The method below fills one diagonal at a time:
import numpy as np
x = np.zeros((4, 6), dtype=np.int)
for i, v in enumerate((6,7,8)):
np.fill_diagonal(x[:,i:], v)
array([[6, 7, 8, 0, 0, 0],
[0, 6, 7, 8, 0, 0],
[0, 0, 6, 7, 8, 0],
[0, 0, 0, 6, 7, 8]])
or you could do the one liner:
x = [6,7,8,0,0,0]
y = np.vstack([np.roll(x,i) for i in range(4)])
Personally, I prefer the first since it's easier to understand and probably faster since it doesn't build all the temporary 1D arrays.
Edit:
Since a discussion of efficiency has come up, it might be worthwhile to run a test. I also included time to the toeplitz
method suggested by chthonicdaemon (although personally I interpreted the question to exclude this approach since it uses a package rather than using original code -- also though speed isn't the point of the original question either).
import numpy as np
import timeit
import scipy.linalg as sl
def a(m, n):
x = np.zeros((m, m), dtype=np.int)
for i, v in enumerate((6,7,8)):
np.fill_diagonal(x[:,i:], v)
def b(m, n):
x = np.zeros((n,))
x[:3] = vals
y = np.vstack([np.roll(x,i) for i in range(m)])
def c(m, n):
x = np.zeros((n,))
x[:3] = vals
y = np.zeros((m,))
y[0] = vals[0]
r = sl.toeplitz(y, x)
return r
m, n = 4, 6
print timeit.timeit("a(m,n)", "from __main__ import np, a, b, m, n", number=1000)
print timeit.timeit("b(m,n)", "from __main__ import np, a, b, m, n", number=1000)
print timeit.timeit("c(m,n)", "from __main__ import np, c, sl, m, n", number=1000)
m, n = 1000, 1006
print timeit.timeit("a(m,n)", "from __main__ import np, a, b, m, n", number=1000)
print timeit.timeit("b(m,n)", "from __main__ import np, a, b, m, n", number=1000)
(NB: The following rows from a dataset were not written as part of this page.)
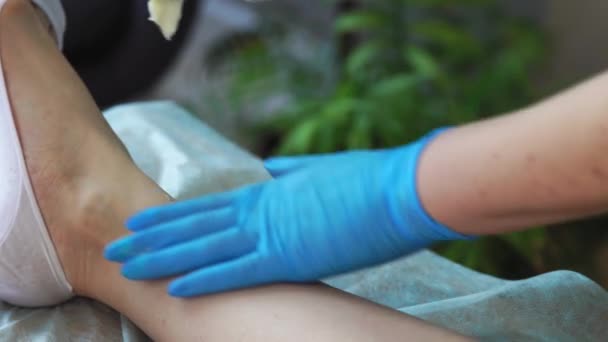 Close-up of the hand in rubber gloves is applied to the hair removal paste and by special technology shugaring removes hair — Stock Video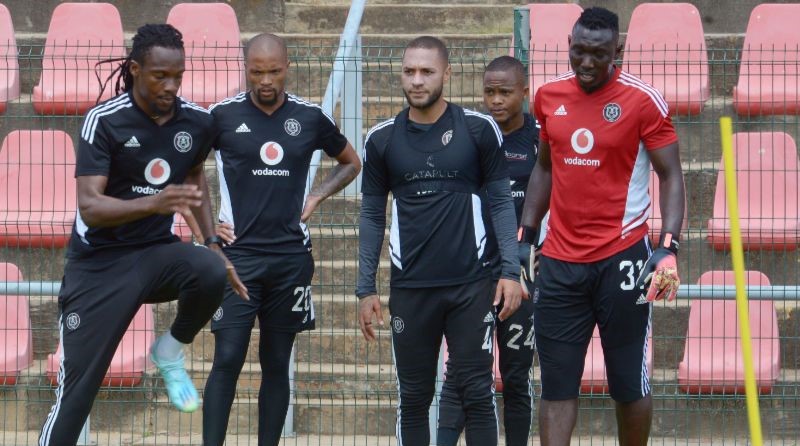 Richard Ofori alongside his Orlando Pirates teammate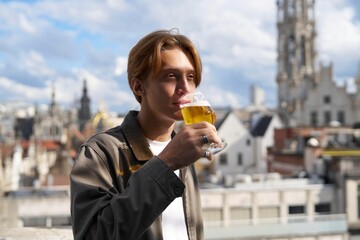 Enjoying a Refreshing Beer With a Stunning City Backdrop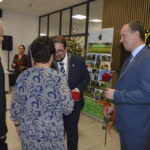 Grupa osób w oficjalnych strojach wymienia się różami, tło dekorowane napisami i choinką. Dominują kolory niebieski i czarny. Atmosfera jest formalna i uroczysta.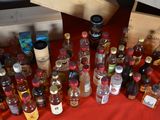 many bottles of alcohol sitting on a red table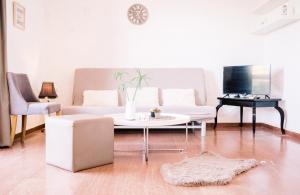 a living room with a white couch and a table at LaPlayaSuites 1st in Periyiálion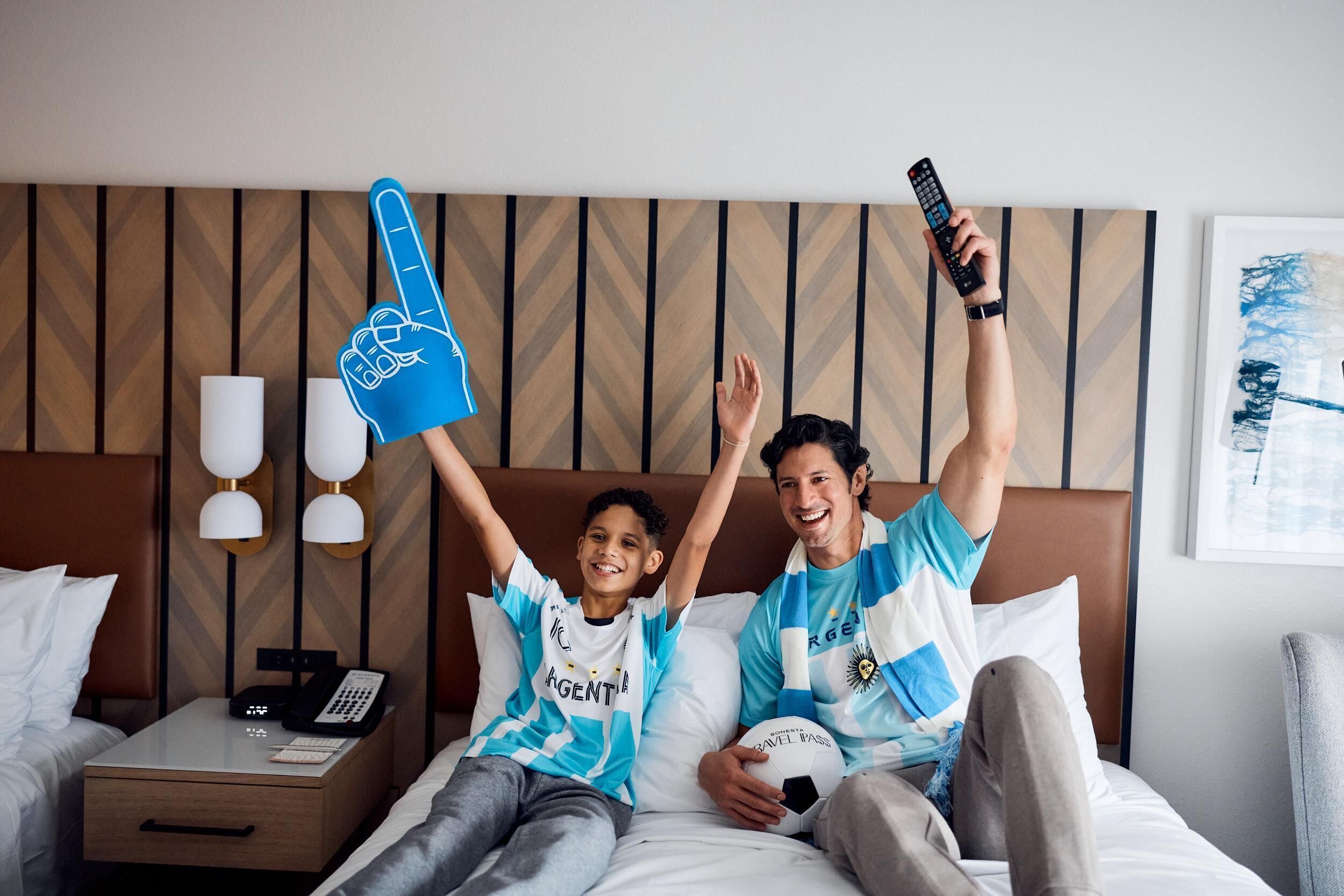 Una habitación de hotel con una cama, una mesita de noche con un teléfono y una lámpara de pared.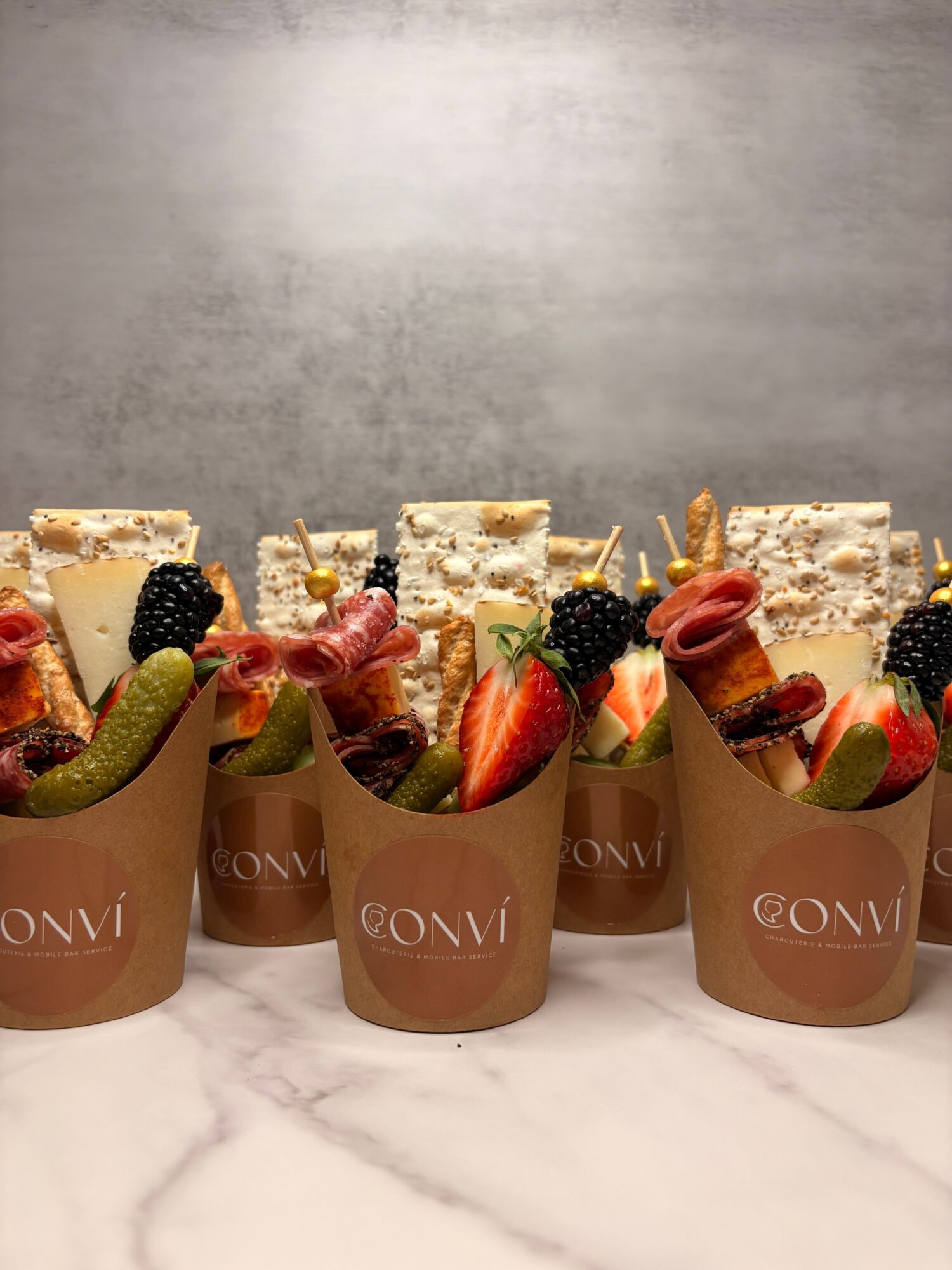 Three cups of dessert topped with strawberries, blackberries, and slices of kiwi, with cake pieces in the background on a marble surface.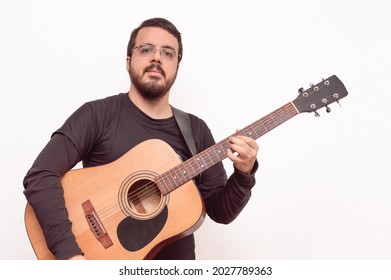 Handsome White Hispanic Latin Adult Male With Short Beard, Short Hair, Black Dress And Lens Posing While Playing A Chord With An Acoustic Guitar On A White Background.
print timeit.timeit("c(m,n)", "from __main__ import np, c, sl, m, n", number=100)
# which gives:
0.03525209 # fill_diagonal
0.07554483 # vstack
0.07058787 # toeplitz
0.18803215 # fill_diagonal
2.58780789 # vstack
1.57608604 # toeplitz
So the first method is about a 2-3x faster for small arrays and 10-20x faster for larger arrays.